→ **DATA EXTRACT**:

::::::::

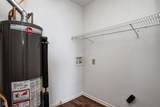 8030 Cork Bend Lane - Photo 27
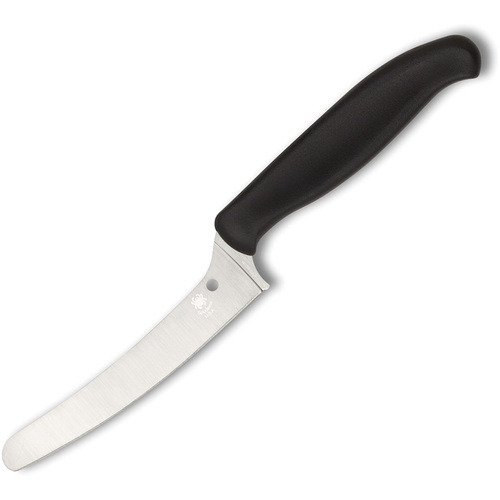 Z-Cut Kitchen Knife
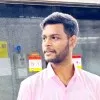 Aditya Singh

::::::::

→ **TASK DETAILS**:
The required output is every line of the data above, set down exactly and stripped of pictures.

→ **SOLUTION FOR THIS PROBLEM**:
 8030 Cork Bend Lane - Photo 27
 Z-Cut Kitchen Knife
 Aditya Singh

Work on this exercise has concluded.